* Your assignment: Starting at the top of the entries below, set down every line exactly, please, until you reach the line with "4. Svenska frivilligkorset, litet, järn.", which is included too.

* Scraped caption text data:
━━━━━━
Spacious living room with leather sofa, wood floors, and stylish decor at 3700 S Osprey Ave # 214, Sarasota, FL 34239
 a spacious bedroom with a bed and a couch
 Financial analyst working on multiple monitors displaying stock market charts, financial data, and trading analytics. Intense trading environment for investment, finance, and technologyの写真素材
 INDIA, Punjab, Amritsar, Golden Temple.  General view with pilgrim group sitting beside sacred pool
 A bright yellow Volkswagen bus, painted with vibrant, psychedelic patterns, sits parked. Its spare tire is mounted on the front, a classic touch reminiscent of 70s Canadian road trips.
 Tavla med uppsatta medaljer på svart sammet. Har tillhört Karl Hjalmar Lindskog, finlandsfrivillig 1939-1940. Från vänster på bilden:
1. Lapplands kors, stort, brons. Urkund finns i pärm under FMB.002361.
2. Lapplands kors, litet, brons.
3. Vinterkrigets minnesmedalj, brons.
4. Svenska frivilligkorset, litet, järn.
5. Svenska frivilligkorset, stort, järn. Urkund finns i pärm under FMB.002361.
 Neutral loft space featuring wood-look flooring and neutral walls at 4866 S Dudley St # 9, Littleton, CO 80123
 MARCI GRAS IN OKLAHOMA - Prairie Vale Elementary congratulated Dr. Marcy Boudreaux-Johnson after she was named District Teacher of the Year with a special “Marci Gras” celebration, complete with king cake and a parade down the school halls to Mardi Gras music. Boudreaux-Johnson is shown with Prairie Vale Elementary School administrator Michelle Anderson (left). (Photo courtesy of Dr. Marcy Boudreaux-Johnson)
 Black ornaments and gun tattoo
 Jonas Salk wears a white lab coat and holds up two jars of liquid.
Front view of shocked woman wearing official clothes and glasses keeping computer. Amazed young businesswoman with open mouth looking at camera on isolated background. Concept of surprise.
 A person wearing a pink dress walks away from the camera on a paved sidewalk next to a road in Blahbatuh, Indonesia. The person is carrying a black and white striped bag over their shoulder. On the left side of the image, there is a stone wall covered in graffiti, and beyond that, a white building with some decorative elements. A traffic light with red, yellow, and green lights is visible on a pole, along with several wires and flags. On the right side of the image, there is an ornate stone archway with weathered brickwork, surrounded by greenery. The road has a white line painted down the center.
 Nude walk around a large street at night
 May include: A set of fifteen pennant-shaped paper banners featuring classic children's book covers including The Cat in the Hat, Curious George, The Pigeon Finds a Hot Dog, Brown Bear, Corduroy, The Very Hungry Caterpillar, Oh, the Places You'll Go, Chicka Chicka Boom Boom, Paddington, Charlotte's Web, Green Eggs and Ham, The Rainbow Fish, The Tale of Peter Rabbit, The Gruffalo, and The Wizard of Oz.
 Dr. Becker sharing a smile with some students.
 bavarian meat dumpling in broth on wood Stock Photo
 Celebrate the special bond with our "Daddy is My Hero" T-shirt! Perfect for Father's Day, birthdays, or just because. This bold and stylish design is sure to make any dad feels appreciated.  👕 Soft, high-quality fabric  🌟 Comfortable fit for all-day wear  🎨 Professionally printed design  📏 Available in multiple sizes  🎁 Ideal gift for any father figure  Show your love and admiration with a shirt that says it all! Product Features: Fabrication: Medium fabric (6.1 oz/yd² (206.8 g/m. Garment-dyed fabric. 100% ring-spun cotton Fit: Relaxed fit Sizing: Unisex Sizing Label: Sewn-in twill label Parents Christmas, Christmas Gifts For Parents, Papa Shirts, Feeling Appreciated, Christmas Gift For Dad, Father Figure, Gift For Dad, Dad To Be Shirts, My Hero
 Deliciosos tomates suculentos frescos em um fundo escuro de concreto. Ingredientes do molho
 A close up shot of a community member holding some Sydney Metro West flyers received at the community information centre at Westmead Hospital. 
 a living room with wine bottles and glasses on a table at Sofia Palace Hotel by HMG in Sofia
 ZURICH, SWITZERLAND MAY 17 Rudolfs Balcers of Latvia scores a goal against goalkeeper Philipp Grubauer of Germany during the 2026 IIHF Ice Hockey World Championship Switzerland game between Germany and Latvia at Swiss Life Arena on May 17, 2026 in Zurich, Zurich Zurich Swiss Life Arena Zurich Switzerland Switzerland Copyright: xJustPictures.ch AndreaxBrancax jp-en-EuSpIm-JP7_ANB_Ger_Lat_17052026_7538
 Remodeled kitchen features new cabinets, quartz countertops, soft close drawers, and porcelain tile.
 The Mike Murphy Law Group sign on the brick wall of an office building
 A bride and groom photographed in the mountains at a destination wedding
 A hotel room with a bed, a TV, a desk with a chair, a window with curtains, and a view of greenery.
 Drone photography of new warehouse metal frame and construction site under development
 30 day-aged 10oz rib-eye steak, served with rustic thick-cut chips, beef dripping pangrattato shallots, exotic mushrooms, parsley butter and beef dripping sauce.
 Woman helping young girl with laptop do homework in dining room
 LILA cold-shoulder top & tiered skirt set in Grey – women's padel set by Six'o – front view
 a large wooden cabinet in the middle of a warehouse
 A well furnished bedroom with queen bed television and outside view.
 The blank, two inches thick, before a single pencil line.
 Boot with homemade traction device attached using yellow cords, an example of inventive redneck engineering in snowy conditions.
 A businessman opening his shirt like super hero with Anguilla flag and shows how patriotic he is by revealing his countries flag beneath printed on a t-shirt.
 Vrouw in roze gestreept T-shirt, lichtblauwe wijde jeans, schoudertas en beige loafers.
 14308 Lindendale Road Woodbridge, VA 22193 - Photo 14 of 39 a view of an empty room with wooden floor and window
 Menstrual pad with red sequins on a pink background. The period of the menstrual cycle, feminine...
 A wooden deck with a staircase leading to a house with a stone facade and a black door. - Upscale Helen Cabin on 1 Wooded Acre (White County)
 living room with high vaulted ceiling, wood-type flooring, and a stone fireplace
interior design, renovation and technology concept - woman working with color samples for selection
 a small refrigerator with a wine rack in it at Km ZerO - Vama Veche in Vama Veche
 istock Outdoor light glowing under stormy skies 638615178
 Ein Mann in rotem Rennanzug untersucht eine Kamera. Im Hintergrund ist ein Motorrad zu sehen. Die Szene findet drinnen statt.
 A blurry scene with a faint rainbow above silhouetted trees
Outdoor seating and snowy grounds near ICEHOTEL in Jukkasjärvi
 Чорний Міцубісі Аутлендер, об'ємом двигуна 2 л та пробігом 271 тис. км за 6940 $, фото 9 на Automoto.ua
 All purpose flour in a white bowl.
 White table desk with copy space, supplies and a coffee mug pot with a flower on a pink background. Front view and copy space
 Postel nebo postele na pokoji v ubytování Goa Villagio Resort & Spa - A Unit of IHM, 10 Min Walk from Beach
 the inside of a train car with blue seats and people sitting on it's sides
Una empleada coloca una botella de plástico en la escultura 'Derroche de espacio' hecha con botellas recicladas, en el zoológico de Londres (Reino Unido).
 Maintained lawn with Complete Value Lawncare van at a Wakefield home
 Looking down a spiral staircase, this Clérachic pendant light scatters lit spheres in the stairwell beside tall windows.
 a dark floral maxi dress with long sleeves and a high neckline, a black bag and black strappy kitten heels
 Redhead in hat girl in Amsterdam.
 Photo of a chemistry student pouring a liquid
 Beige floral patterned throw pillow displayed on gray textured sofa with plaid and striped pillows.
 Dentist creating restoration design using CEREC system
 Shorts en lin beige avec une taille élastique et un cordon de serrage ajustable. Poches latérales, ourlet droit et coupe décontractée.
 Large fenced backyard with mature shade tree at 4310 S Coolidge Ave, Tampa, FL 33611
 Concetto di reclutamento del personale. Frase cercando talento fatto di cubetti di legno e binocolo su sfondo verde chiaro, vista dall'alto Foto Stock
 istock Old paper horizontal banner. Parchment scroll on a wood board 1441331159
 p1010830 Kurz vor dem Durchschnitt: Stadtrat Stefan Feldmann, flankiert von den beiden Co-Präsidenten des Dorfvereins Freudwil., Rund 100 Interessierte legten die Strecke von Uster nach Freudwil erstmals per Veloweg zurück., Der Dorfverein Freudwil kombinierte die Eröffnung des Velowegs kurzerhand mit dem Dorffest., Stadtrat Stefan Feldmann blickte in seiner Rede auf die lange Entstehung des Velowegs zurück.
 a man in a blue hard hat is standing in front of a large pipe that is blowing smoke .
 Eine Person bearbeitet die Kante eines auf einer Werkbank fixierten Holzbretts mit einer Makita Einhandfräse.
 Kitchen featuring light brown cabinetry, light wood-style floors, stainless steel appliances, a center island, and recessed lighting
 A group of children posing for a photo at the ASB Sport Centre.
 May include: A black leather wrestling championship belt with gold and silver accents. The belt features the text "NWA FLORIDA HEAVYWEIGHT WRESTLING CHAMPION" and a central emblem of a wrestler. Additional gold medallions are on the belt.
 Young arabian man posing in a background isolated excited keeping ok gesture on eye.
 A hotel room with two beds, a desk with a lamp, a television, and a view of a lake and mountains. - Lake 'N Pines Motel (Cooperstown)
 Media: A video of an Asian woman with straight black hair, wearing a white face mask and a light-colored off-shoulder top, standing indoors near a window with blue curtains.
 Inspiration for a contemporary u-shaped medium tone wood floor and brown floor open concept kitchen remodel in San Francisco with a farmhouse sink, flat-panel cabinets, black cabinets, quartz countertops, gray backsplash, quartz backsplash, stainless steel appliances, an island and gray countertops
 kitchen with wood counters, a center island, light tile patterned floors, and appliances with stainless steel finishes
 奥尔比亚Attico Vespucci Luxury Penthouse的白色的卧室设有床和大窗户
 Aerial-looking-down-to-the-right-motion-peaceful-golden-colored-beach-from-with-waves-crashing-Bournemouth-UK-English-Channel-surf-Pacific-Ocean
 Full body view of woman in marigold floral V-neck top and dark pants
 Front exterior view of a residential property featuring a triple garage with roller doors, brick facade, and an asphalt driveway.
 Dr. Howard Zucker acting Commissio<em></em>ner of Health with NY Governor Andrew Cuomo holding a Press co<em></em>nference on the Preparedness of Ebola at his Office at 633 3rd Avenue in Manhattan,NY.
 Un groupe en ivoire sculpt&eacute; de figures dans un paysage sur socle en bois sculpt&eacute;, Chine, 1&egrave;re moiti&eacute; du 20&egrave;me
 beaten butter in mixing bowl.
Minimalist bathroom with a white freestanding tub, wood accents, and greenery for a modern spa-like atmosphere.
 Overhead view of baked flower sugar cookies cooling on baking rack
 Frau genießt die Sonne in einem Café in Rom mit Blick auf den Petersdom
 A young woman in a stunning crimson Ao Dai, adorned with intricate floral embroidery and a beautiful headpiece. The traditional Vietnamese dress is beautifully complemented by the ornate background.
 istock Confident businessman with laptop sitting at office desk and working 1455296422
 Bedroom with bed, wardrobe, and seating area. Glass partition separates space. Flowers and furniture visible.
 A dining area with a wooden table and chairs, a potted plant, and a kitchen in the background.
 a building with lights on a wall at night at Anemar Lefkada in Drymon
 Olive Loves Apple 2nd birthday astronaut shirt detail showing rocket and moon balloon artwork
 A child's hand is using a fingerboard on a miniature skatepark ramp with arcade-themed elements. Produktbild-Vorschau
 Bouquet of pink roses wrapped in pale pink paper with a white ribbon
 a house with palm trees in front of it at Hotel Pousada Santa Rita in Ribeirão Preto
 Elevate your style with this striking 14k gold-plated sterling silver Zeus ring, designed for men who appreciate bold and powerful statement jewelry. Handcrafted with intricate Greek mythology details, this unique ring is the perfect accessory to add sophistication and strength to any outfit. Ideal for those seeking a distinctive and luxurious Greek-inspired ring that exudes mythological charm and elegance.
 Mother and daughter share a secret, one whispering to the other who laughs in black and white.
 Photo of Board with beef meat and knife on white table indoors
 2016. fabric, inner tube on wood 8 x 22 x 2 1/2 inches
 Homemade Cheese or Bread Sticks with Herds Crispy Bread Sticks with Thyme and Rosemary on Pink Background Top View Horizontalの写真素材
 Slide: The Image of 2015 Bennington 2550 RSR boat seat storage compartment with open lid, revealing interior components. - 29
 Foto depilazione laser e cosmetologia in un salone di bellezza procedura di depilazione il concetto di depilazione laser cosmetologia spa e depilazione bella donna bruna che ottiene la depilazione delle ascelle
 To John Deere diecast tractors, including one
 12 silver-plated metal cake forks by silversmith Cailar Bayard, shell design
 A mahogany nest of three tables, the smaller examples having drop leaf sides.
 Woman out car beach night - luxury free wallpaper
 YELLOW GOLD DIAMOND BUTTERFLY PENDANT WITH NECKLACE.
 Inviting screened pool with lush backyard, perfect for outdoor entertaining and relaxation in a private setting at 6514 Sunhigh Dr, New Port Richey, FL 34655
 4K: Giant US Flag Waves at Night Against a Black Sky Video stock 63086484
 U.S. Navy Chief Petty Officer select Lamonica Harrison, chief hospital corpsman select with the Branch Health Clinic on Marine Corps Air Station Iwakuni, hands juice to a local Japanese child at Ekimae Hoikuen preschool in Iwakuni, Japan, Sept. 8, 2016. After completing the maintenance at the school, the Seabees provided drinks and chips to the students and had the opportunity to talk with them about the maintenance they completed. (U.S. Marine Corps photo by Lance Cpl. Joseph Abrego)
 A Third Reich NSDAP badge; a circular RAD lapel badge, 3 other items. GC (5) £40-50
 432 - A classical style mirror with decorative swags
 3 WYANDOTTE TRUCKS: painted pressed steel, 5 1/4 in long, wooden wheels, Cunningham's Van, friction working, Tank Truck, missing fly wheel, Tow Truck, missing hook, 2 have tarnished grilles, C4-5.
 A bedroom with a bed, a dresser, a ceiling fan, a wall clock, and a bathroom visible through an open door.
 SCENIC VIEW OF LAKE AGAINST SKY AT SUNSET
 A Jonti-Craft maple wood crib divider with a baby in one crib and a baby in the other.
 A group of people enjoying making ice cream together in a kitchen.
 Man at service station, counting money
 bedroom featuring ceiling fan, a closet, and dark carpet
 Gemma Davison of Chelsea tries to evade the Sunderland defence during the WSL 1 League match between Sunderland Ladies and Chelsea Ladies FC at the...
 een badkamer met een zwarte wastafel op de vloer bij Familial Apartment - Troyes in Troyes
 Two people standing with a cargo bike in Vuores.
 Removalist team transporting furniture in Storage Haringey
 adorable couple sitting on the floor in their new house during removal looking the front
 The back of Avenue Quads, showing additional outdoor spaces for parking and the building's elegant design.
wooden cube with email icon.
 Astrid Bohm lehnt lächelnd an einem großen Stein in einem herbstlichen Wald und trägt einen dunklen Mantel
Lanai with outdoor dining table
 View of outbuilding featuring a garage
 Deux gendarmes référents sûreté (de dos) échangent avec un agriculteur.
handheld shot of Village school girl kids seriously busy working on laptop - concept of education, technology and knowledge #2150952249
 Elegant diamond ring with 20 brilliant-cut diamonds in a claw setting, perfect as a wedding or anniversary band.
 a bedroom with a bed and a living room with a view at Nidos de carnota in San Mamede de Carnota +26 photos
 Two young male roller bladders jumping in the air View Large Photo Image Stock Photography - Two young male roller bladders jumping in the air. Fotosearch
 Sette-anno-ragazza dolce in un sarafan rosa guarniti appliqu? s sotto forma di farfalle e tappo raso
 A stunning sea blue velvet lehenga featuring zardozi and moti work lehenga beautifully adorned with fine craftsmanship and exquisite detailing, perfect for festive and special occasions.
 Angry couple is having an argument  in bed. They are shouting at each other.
━━━━━━
* Result for this task:
Spacious living room with leather sofa, wood floors, and stylish decor at 3700 S Osprey Ave # 214, Sarasota, FL 34239
 a spacious bedroom with a bed and a couch
 Financial analyst working on multiple monitors displaying stock market charts, financial data, and trading analytics. Intense trading environment for investment, finance, and technologyの写真素材
 INDIA, Punjab, Amritsar, Golden Temple.  General view with pilgrim group sitting beside sacred pool
 A bright yellow Volkswagen bus, painted with vibrant, psychedelic patterns, sits parked. Its spare tire is mounted on the front, a classic touch reminiscent of 70s Canadian road trips.
 Tavla med uppsatta medaljer på svart sammet. Har tillhört Karl Hjalmar Lindskog, finlandsfrivillig 1939-1940. Från vänster på bilden:
1. Lapplands kors, stort, brons. Urkund finns i pärm under FMB.002361.
2. Lapplands kors, litet, brons.
3. Vinterkrigets minnesmedalj, brons.
4. Svenska frivilligkorset, litet, järn.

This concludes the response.